[[ Available data open ]]

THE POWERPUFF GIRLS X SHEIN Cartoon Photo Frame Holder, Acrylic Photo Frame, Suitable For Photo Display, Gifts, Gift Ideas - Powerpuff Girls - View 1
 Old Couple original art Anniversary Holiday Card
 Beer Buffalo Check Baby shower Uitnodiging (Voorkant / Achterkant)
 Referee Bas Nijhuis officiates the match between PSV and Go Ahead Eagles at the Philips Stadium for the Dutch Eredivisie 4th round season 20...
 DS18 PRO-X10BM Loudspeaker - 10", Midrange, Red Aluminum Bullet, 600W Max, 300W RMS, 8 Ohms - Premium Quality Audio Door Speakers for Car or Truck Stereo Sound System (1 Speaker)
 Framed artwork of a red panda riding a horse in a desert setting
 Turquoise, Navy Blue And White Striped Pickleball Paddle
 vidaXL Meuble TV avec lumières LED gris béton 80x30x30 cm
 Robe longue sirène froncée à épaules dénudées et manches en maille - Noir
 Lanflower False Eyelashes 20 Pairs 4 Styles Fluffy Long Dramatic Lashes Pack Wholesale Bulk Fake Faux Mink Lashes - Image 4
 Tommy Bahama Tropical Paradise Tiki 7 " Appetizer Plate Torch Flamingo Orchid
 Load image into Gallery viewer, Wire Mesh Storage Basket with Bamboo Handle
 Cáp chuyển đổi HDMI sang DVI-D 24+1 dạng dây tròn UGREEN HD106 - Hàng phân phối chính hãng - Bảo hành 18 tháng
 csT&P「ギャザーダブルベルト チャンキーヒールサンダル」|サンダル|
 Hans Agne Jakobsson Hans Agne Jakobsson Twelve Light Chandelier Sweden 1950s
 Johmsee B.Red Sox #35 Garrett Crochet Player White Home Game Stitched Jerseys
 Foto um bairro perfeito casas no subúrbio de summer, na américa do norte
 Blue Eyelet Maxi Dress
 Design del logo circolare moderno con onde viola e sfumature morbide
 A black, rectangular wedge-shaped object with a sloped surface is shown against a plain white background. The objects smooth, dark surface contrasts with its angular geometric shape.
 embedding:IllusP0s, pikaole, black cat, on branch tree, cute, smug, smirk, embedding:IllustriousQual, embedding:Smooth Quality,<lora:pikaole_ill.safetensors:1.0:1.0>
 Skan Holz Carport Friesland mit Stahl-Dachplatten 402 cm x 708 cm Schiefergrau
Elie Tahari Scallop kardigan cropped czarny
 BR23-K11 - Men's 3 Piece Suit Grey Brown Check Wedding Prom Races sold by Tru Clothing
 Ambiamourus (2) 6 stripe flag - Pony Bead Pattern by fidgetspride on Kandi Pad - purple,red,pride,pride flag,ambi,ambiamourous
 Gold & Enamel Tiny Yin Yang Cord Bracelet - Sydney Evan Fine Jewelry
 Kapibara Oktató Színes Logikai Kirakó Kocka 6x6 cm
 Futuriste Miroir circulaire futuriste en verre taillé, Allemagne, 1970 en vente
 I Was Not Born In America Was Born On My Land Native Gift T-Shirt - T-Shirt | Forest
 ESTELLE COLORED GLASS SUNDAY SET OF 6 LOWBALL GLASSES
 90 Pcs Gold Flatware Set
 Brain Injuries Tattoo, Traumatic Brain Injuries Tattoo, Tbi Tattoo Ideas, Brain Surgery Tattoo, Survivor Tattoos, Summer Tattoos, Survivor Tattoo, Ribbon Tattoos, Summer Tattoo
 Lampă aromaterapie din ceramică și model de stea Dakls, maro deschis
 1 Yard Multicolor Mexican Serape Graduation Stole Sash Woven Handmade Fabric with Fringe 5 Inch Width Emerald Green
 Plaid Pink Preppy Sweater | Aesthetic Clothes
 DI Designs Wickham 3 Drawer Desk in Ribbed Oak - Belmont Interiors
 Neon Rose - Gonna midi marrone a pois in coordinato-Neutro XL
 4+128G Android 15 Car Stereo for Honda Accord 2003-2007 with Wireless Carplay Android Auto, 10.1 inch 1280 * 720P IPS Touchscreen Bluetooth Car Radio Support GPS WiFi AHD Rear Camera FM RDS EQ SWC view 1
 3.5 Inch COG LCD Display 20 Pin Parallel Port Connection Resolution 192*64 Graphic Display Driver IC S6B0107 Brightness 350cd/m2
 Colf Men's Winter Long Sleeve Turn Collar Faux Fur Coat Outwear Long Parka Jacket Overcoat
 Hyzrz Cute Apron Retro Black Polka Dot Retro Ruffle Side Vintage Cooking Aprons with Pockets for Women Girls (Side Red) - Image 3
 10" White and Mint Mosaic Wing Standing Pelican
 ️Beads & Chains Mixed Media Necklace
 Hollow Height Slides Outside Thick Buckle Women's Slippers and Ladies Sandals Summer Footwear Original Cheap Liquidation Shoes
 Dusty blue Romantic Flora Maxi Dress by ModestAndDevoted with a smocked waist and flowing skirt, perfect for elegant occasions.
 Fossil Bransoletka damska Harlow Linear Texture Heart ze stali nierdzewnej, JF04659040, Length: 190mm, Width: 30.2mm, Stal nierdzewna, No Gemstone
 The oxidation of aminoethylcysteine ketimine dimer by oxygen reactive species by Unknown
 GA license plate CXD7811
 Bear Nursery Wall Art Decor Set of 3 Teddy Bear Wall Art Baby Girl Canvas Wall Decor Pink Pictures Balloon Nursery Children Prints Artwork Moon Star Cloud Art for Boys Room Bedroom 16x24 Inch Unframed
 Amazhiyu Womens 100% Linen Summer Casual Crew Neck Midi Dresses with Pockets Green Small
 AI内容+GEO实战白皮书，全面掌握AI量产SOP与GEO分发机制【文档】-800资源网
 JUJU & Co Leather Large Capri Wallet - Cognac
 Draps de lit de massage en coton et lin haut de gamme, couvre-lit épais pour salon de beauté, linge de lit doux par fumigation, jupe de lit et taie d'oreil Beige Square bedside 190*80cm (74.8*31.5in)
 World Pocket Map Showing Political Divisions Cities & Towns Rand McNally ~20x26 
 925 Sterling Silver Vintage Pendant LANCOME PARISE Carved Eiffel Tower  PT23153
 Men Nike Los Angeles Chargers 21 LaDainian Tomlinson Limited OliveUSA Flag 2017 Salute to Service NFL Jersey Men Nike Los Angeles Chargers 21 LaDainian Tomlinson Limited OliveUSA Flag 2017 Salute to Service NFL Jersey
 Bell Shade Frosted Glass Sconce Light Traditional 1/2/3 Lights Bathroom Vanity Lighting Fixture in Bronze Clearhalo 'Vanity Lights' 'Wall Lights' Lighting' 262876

[[ Available data closed ]]

Aim of the task: Print exactly the lines of the listing above starting at the line containing "Framed artwork of" and ending at the line containing "A black, rectangular", both included.

Exercise answer:
 Framed artwork of a red panda riding a horse in a desert setting
 Turquoise, Navy Blue And White Striped Pickleball Paddle
 vidaXL Meuble TV avec lumières LED gris béton 80x30x30 cm
 Robe longue sirène froncée à épaules dénudées et manches en maille - Noir
 Lanflower False Eyelashes 20 Pairs 4 Styles Fluffy Long Dramatic Lashes Pack Wholesale Bulk Fake Faux Mink Lashes - Image 4
 Tommy Bahama Tropical Paradise Tiki 7 " Appetizer Plate Torch Flamingo Orchid
 Load image into Gallery viewer, Wire Mesh Storage Basket with Bamboo Handle
 Cáp chuyển đổi HDMI sang DVI-D 24+1 dạng dây tròn UGREEN HD106 - Hàng phân phối chính hãng - Bảo hành 18 tháng
 csT&P「ギャザーダブルベルト チャンキーヒールサンダル」|サンダル|
 Hans Agne Jakobsson Hans Agne Jakobsson Twelve Light Chandelier Sweden 1950s
 Johmsee B.Red Sox #35 Garrett Crochet Player White Home Game Stitched Jerseys
 Foto um bairro perfeito casas no subúrbio de summer, na américa do norte
 Blue Eyelet Maxi Dress
 Design del logo circolare moderno con onde viola e sfumature morbide
 A black, rectangular wedge-shaped object with a sloped surface is shown against a plain white background. The objects smooth, dark surface contrasts with its angular geometric shape.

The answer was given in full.